The problem was solved by Hadi Moshayedi.
The hard nut is, of course, initializing in constant time an array of size n. We can try to keep track of a set of indexes that are initialized. This reduces the problem to implementing a set of integers that supports make_empty, insert, and contains operations in constant time.
- array_init: allocate an array of size n, make an empty set
- array_set: set the element in the array and insert the index in the set of indexes
- array_get: if the index is not in the set return the default value, otherwise read from the array
It remains now to see how to implement such a set. A hash-table is not good because it is randomized (and many implementations offer only amortized constant time). A bitmap does insert and contains in constant time, but we can't make an empty set quickly. A list of integers can do insert and make_empty in constant time, but we can't determine quickly if an integer is in the list. Can we get the best of both? Yes, with two tricks:
- If we represent the list as an array plus a counter then we can index it quickly. So we might be able to do the contains operation in constant time if we know where to look.

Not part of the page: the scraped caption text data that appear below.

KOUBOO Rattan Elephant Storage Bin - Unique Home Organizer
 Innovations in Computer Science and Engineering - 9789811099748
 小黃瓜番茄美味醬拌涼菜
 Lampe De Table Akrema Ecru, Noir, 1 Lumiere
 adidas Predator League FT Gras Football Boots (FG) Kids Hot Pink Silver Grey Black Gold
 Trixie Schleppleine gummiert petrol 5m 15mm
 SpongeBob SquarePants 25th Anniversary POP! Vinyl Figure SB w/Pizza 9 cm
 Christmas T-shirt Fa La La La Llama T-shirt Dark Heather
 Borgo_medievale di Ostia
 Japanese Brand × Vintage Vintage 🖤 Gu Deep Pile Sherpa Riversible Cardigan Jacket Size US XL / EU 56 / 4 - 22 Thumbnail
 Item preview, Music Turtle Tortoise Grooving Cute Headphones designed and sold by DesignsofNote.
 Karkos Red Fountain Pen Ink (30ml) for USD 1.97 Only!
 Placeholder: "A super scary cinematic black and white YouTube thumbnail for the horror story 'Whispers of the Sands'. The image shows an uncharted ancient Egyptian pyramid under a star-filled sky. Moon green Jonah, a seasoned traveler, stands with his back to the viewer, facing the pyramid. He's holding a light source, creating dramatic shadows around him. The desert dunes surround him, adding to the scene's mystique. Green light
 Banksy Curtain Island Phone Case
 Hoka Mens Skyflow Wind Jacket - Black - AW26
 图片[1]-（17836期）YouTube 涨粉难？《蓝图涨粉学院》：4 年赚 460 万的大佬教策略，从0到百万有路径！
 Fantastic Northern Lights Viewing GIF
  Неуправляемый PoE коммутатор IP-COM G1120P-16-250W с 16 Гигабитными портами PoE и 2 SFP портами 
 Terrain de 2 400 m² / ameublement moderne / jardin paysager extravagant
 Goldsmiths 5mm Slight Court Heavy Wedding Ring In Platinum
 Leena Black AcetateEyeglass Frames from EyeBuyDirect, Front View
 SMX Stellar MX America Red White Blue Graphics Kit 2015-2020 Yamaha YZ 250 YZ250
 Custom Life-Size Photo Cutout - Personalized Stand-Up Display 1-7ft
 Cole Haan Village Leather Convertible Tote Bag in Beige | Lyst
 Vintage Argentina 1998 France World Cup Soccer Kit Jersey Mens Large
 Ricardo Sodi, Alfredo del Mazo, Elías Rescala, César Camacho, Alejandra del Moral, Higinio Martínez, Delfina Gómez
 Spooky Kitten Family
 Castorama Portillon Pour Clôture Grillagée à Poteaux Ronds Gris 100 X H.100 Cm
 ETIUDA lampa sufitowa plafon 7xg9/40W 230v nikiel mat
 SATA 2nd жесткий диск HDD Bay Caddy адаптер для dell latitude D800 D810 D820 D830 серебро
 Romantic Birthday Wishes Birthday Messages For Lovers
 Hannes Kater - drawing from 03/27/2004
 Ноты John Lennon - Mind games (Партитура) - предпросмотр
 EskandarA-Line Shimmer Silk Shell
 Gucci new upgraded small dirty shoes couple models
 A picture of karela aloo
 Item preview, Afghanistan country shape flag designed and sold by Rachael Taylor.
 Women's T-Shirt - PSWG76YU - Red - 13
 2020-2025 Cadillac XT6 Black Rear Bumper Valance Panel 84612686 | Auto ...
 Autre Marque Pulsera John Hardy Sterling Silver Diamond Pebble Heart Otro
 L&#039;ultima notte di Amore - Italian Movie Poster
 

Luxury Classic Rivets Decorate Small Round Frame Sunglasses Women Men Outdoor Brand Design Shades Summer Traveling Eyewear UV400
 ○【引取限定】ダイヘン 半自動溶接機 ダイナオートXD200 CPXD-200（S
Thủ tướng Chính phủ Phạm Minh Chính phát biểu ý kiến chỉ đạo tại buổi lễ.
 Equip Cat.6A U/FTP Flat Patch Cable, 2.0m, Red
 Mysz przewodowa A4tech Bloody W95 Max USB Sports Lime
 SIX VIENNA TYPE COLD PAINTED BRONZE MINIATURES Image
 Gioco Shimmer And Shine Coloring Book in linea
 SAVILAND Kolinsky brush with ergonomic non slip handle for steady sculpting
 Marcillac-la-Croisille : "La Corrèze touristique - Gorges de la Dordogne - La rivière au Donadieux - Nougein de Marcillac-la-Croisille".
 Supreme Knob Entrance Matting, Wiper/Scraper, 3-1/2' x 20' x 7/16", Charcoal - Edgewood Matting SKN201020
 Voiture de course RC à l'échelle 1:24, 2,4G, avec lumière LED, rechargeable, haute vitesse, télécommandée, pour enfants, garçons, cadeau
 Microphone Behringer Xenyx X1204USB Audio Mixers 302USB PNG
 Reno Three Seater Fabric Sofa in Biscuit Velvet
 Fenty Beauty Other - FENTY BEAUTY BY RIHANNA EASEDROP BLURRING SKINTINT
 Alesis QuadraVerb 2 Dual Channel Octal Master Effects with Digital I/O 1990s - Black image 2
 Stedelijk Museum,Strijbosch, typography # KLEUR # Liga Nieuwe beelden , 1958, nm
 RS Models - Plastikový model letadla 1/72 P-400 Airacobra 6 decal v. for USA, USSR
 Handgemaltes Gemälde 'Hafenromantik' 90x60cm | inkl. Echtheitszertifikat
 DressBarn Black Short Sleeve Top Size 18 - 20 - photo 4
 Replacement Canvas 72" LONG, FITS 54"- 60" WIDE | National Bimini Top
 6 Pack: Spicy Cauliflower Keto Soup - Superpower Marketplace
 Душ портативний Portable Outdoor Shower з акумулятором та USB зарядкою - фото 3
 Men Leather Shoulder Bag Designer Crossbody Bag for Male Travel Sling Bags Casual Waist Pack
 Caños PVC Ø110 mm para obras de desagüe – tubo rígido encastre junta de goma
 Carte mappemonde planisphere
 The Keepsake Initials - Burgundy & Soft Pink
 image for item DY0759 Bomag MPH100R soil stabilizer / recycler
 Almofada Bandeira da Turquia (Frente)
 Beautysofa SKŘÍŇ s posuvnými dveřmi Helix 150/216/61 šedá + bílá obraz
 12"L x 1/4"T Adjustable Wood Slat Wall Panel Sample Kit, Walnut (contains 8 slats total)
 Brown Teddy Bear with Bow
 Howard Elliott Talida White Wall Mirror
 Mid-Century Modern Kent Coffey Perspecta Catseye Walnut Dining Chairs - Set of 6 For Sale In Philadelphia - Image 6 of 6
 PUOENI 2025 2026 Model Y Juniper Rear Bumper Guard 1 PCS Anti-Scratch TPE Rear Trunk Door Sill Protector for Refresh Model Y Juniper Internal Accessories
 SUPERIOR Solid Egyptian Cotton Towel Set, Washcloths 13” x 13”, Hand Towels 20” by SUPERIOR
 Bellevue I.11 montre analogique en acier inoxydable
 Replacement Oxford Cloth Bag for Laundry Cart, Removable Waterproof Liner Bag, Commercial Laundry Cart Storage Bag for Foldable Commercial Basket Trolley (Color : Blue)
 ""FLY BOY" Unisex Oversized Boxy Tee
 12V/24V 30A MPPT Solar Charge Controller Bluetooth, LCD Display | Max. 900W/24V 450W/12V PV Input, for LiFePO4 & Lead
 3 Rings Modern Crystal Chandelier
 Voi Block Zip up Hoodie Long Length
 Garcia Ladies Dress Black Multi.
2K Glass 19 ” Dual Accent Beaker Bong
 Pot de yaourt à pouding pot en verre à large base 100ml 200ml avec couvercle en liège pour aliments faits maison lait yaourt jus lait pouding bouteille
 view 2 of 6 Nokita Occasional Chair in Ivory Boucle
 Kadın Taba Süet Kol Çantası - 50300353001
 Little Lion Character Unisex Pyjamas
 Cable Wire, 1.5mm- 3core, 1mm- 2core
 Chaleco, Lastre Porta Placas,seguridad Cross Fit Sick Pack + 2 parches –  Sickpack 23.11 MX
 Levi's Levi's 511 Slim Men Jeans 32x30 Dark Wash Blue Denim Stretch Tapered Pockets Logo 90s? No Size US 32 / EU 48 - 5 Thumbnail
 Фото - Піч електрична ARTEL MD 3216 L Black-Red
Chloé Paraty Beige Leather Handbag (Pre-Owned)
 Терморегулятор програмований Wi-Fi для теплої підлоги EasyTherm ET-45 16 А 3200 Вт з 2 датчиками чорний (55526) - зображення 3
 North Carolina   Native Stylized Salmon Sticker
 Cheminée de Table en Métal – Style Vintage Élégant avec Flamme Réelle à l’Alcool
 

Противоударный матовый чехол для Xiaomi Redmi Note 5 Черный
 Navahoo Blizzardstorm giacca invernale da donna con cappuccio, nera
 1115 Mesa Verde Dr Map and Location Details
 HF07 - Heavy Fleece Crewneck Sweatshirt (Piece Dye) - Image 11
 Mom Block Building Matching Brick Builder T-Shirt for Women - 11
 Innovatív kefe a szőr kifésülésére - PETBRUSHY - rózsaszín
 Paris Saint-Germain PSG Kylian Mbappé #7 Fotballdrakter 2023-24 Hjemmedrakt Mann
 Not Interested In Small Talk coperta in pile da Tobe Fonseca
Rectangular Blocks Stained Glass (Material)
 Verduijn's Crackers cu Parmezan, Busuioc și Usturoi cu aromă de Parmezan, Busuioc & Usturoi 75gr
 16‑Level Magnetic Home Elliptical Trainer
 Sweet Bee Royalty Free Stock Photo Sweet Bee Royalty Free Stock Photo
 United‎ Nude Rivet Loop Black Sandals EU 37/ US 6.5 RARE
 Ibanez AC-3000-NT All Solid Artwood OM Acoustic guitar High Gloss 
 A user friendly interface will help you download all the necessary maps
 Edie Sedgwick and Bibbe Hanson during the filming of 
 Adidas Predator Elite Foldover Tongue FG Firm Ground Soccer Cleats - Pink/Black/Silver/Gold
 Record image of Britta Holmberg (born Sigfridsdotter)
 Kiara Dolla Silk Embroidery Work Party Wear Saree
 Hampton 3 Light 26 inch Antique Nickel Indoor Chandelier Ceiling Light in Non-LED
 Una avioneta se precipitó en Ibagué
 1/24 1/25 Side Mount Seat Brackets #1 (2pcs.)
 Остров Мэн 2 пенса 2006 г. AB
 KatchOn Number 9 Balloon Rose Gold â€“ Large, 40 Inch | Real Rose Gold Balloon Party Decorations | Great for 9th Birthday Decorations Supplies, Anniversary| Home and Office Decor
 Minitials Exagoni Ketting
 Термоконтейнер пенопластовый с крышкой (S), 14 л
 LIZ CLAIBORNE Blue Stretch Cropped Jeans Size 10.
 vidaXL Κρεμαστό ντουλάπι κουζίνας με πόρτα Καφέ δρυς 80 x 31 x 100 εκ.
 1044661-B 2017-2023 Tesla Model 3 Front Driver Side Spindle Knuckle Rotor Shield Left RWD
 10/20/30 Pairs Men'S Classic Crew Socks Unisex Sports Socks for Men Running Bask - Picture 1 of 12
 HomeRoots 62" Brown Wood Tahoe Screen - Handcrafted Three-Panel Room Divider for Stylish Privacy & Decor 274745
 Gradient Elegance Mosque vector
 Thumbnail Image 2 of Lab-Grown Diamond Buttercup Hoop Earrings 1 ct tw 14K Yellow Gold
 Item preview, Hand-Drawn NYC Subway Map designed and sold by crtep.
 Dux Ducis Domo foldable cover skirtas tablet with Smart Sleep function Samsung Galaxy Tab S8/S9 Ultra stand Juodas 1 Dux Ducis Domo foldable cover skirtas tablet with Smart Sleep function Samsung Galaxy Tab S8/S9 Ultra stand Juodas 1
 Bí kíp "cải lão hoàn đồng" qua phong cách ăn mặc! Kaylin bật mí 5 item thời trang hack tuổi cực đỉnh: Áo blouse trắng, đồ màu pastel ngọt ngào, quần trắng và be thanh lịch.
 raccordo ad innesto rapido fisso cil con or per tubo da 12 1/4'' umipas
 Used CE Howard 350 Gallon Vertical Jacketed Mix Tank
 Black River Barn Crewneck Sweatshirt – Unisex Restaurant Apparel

- In a bitmap we don't have to store only bits: We can store the information we need for the previous observation. And here's the crux: If we do so we do not need to initialize it!
I'll leave it here. If you still have trouble writing the code, let me know.
PS: Rustan said he vaguely remembers reading this in Knuth, but he wasn't sure.
Edit: Cosmin pointed me to a more clear explanation. (I didn't read it: It's a bit long.)